A Wall Street Journal article this past June suggested that AIG's campaign funding had shifted from the GOP toward the Democrats with Greenberg's sudden exit from the company: "AIG has given 57% of its donations to Democrats so far in the 2005-06 election cycle. In the last election cycle, the insurance company gave 53% of its campaign contributions to Republicans and its then-chairman, Maurice Greenberg, raised an extra $200,000 for President Bush."
Greenberg is honorary vice chairman and a director of the Council on Foreign Relations. This past September, Greenberg was present when visiting Iranian President Mahmoud Ahmadinejad, speaking to a few Council members, expressed doubts that the Holocaust had occured.
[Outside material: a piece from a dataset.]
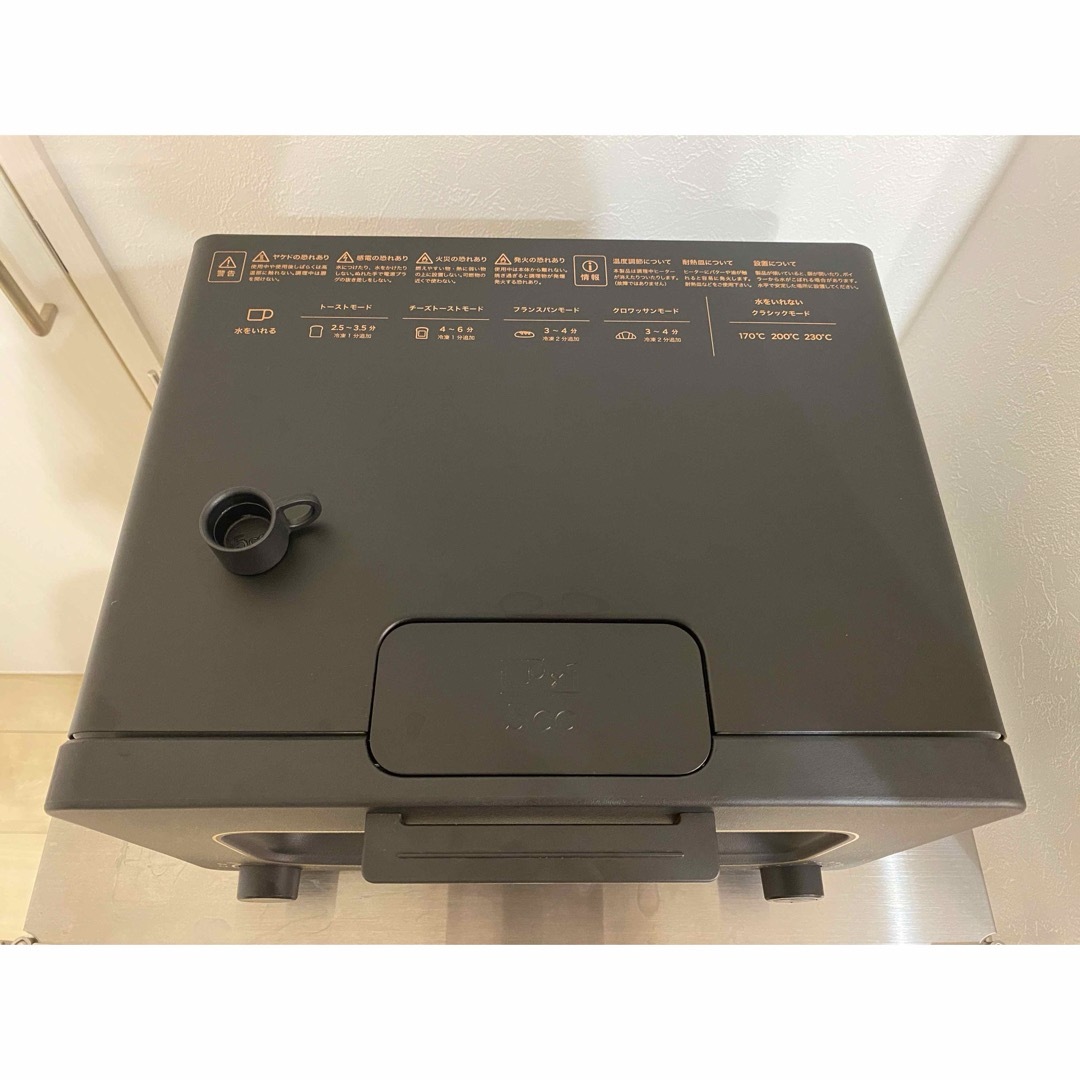 BALMUDA The Toaster K05A-BK BLACK BALMUDA The Toaster K05A-BK BLACK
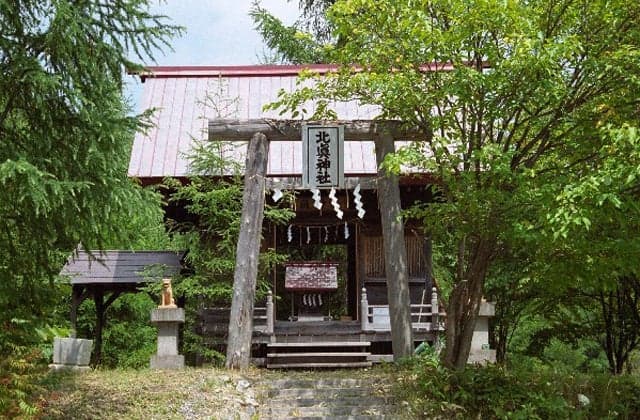 へそ神社(北真神社)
Greenberg reportedly responded: "Listen, I went through Dachau during the war. To suggest it didn't occur is simply a lie." Ahmadinejad then asked if Greenberg was old enough to have participated in liberation of Dachau.
Reports today indicate that Greenberg is buying Times Co. stock and hopes to gain the entire company, hard as that may be to pull off. Greenberg had previously been mentioned as a suitor for the Tribune Co.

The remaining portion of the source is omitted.